Monique Genton: Stroke
Artist(s):
Title:
- Stroke
Exhibition:
Creation Year:
- 1996
Medium:
- Ink and acrylic on hardboard, mounted on a 1.5" wooden frame
Size:
- 40" x 40" x 1.5"
Category:
Keywords:
Artist Statement:
Old illustrational photographs are digitally manipulated then richly glazed with coloured paint to suggest: skin, touch, sensuality, and emotion. Those human elements are of particular interest, not only because science’s knowledge hierarchy assigns data acquired through the mind and eye the highest credibility, and data acquired through the sensual body, the least, but also because the latter have historically been devalued as ‘feminine’ ways of knowing the world.
Together, the photos and paint create dialectic montages of human/photomechanical, soft/hard, subject/object, etc. Despite their technological mediation and their dry, didactic origin, the reified figures reveal human complexity and the transient nature of thought.

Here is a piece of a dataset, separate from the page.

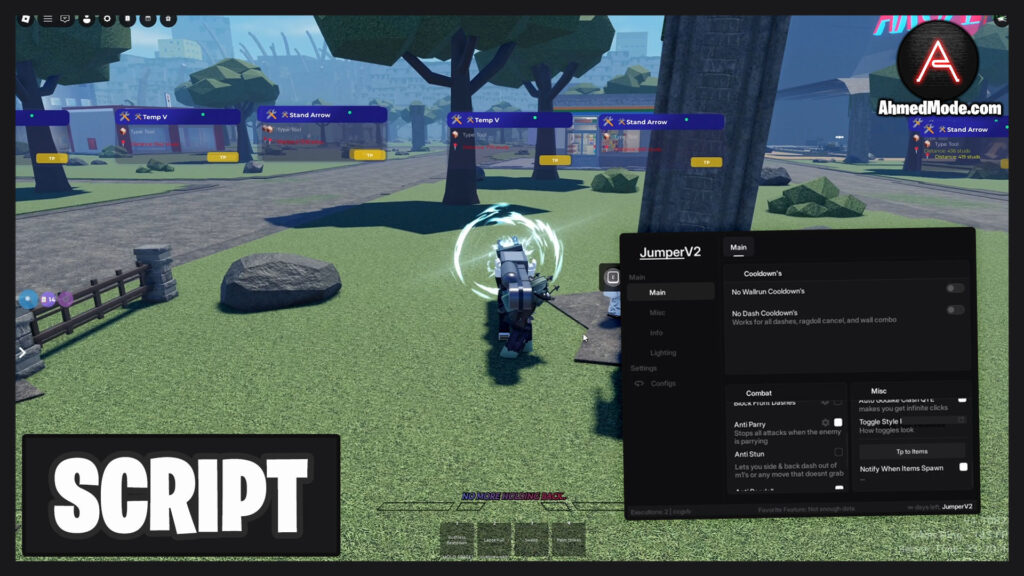 Jump Showdown Script Auto Farm, Kill Aura & Items Farm – Roblox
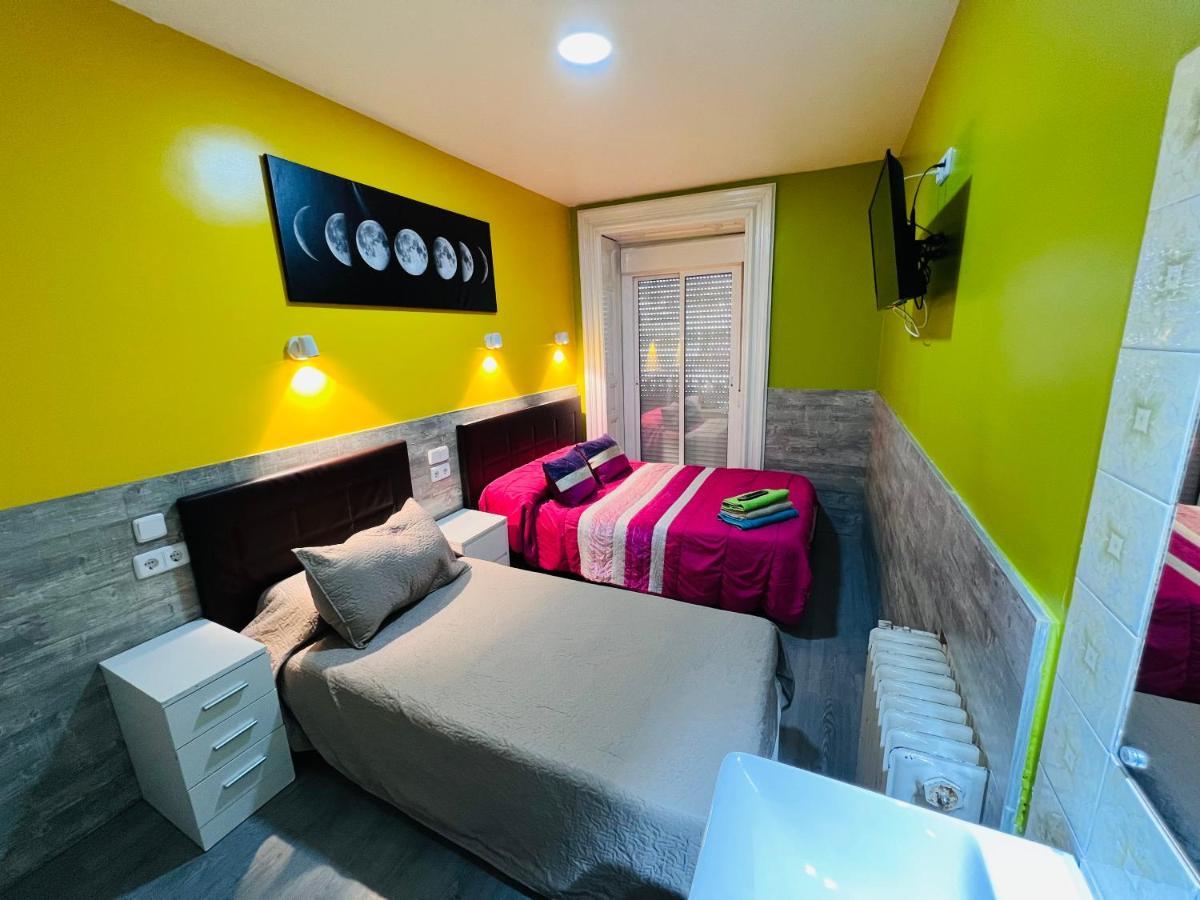 Hostal Numancia Madrid Exteriér fotografie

I am interested in textbook illustrations and the scientific rhetorical strategies they employ to make distant, to universalize, and to dehumanize their subjects – all in the name of objective truths. The subjects in this series are unnamed women demonstrating various swimming techniques in an old swimming manual. When I first saw these illustrations, I was struck with what they did not address: individuality, the sensual body in water, sensations of temperature, fear, etc. In response, my mixed-media work undermines the conceit of scientific representation by re-investing human qualities and individual narratives.